# Spatial-temporal Correlated Random Fields (SCRF)

Author: Cindy Chiao  
Date: 02/01/2022

The purpose of this notebook is to generate spatially and temporally correlated
random fields to be used to perturb the mean prediction result of GARD
downscaling method. First, we use ERA5 observation data to find the appropriate
length scales of correlation both spatially and temporally. Then, we use the
correlation length scales to generate random fields covering the global domain
in the resolution of ERA5. Finally, we inspect the output to make sure the
random fields meet the input spec we provided. The package
[gstools](https://geostat-framework.readthedocs.io/projects/gstools/en/stable/#pip)
is used heavily in this process. A SCRF is generated for precipitation and
another for temperature (will be used to perturb both tmin and tmax prediction
result).

Ideally, the entire available observation time series of the global domain would
be used in determining the correlation length scales, and the SCRF of the entire
future prediction period would be generated as one contiguous dataset. However,
this proves to be prohibitive in terms of computation time due to the single
threaded nature of the gstools algorithm. Thus, random subsamples of the
observation time series were used to find the correlation length, and the SCRF
was generated in decade (10 year) long chunks.

### 1. Find correlation length scale

- To find a representative spatial correlation length, we calculate the average
  spatial correlation lengths of 100 20x20 degree maps of 365 day time series.
  The 20x20 degree maps are constrained to areas of the globe that contain major
  landmass, avoiding the areas where it's majority ocean.
- To find a representative temporal correlation length, we use 10,000 samples of
  365 day time series, again constrained to the areas containing major landmass.
- We use the `latlon=True` and `rescale=gs.EARTH_RADIUS` options in `gstools` to
  obtain the spatial length scale. The latlon=True option requires the input to
  be only 2D (ie. we can't get spatial and temporal scales in the same function
  call) and gives us the spatial length scale in km.
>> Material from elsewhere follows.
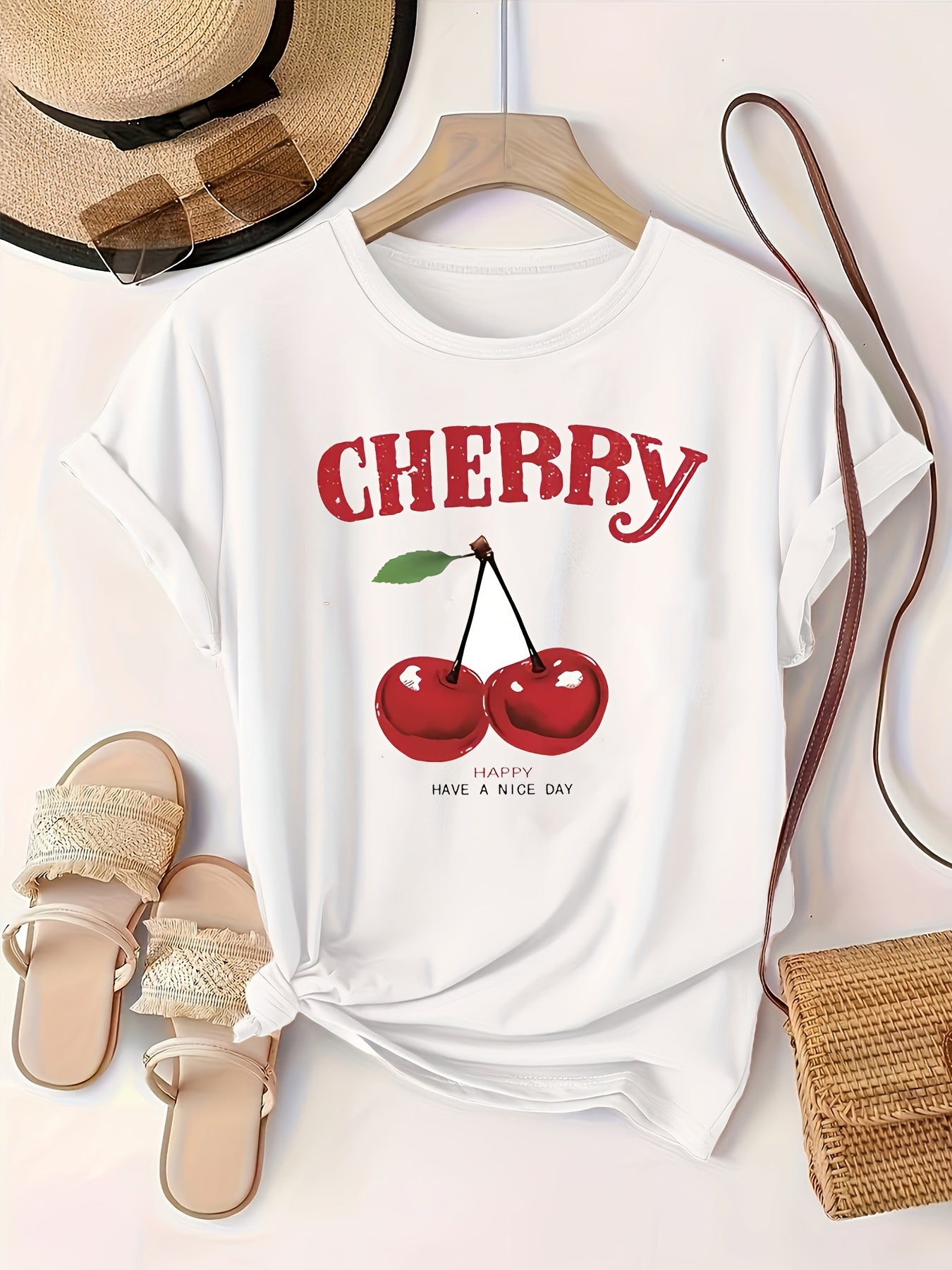 Women's Plus Size White Casual Sporty T-Shirt with Cherry Print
The correlation length
  scale is assumed to be the same in both x/y directions.

### 2. Generate random fields

- The spatial/temporal length scales for tmin and tmax are then averaged to be
  the length scale used to generate SCRF for temperature. The same random field
  is then saved for both tmax and tmin such that the same random perturbation
  will be applied to tmax/tmin.
- While we obtained the spatial and temporal correlation length scales
  separately, the random fields have to be generated with spatial and temporal
  correlations in the same operation. However, the `latlon` option in `gstools`
  only allows generation of 2D fields (without temporal). Thus, we generate the
  spatially and temporally correlated random fields we need in a projected space
  (the Miller projection is used here after inspecting the results of a few
  projections).
- Due to memory constraints, the random fields are first generated in 10 year
  chunks in a 180x360 grid (roughly 1 degree = 100km) and interpolated to the
  full 721x1440 grid of the observation dataset. For comparison, the spatial
  correlation length scale is on the order of 400km.

### 3. Verify output

- We inspected the output to make sure that the random fields of each decade are
  different from each other, that the random fields for precip and temp are
  different from each other, and that the random fields for tmax and tmin are
  identical.
- We then plotted the random fields both in flat maps and on spheres to inspect
  any distortion caused by the projection. The Miller projection doesn't cause
  any directional distortion based on visual inspection; however, the spatial
  scale of correlation appears to be larger near the equator and smaller near
  the poles.
- The average spatial length scale of the output is lower than the input by
  around 25% (input = ~400km, output = ~300km). The temporal scale of the output
  roughly matches with the input.


In [None]:
%load_ext autoreload
%autoreload 2

In [None]:
import fsspec
import os
import time
import random
import xarray as xr
import numpy as np
import pandas as pd
import gstools as gs
import rioxarray
import xesmf as xe

# from cmip6_downscaling.workflows.paths import make_scrf_path
from cmip6_downscaling.data.observations import get_obs

random.seed(20211228)

In [None]:
from carbonplan_trace.tiles import tiles
from carbonplan_trace.v1 import utils

## Finding correlation length scales


In [None]:
# get all 20x20 degree tiles that covers at least one 10x10 degree tile that has major land mass

expanded_tiles = []
for tile in tiles:
    lat, lon = utils.get_lat_lon_tags_from_tile_path(tile)
    (
        min_lat,
        max_lat,
        min_lon,
        max_lon,
    ) = utils.parse_bounding_box_from_lat_lon_tags(lat, lon)

    for i in [-1, 0]:
        for j in [-1, 0]:
            lat_tag, lon_tag = utils.get_lat_lon_tags_from_bounding_box(
                max_lat + (i * 10.0), min_lon + (j * 10.0)
            )
            expanded_tiles.append(f"{lat_tag}_{lon_tag}")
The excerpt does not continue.